Attending a festival of this size is never a walk in the park, though. It’s massive and sprawling and can stress you the hell out if you aren’t prepared. So before we get to some more pictures and videos, let’s go through a few festival survival tips:
- Pick your favorites: You won’t be able to see every band, so pick your must-see bands and don’t try to run from one end of the festival to the other to fit them all in. Resign yourself to the fact that you won’t be able to see everyone, and trust us, it’s for the better. Be in the moment, and enjoy each band from the beginning of their set to the end.
- Arrive early: If you want a good spot in front of the stage, get there at least an hour before a set begins. Otherwise you’ll be a half-mile away, and I’m not joking. If you want to see a band badly enough, the wait is worth it.
- Spring for the VIP tickets: This was the best decision I made. According to some festivalgoers, the wait time for the general admission line to enter the festival grounds was over an hour, sometimes two hours. If you have VIP tickets, you get to skip the line and park close to the entrance. You can also leave the festival and chill in your car whenever you want—and have some of your own booze. General admission can’t come and go as they please. And the best part is the two massive private tents next to the main stages. They have premium liquor, chairs, food stands, shade, and a whole area for watching the bands without being in the cluster of 50,000 people.
- Meet the bands: Take advantage of being able to meet your favorite band. FYE sponsored a bunch of signing tents throughout the weekend, and the lines weren’t bad. All you have to do is buy a moderately priced CD or vinyl and you’re in!

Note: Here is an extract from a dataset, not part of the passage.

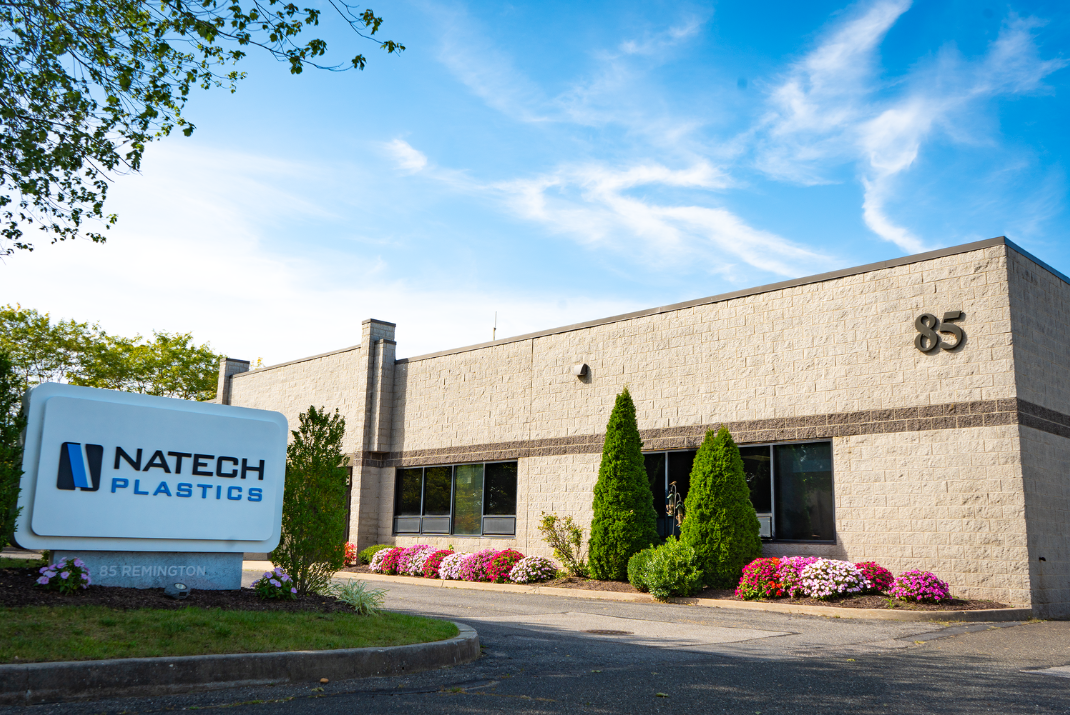 Our Natech office in the USA with plants and a Natech sign outside the building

- Watch out for crowd-surfers: This is one of my few annoyances with attending concerts. I realize that crowd-surfing is a rite of passage of sorts, and I’ve done it too, but having to constantly watch your back so you don’t get nailed in the head can really take away from enjoying a show. It got a little out of hand at Carolina Rebellion; I counted more than 30 crowd-surfers at one time during a Papa Roach song.
- You’ll be standing in a lot of lines: If you don’t buy VIP tickets, then you’re resigning yourself to lots of waiting for food, alcohol, merch, and getting in the festival grounds. But just know this is what you’ll have to deal with, and have fun with it by talking to people or listening to a band playing close to your line.
- Write down where you parked your car: This is serious business. I spent 20 minutes wandering the gargantuan parking lot at night looking for a black Jeep. It wasn’t funny.
- Alcohol can break the bank: Enjoy tailgating with friends before going into the festival because alcohol is really expensive. We’re talking $10 for a tiny, plastic cup of Jack Daniels. The cheapest alcohol was PBR for $7, so spend as much time as you can tailgating.
- Bring something warm: You wouldn’t think May in North Carolina would be cold, but I was sorely wrong and very sorry for not preparing properly. By the time the sun went down, it was a chilly 52 degrees with a brisk wind. Bring a blanket; that way you can sit on it during the day and wrap yourself in it at night. You’ll be happy you did.
- Rest! Don’t wear yourself out the first day. Festivals can be tiring, and it’s really easy to go hard on Friday and be sick by Sunday. Take your time, don’t rush, and just enjoy the ride.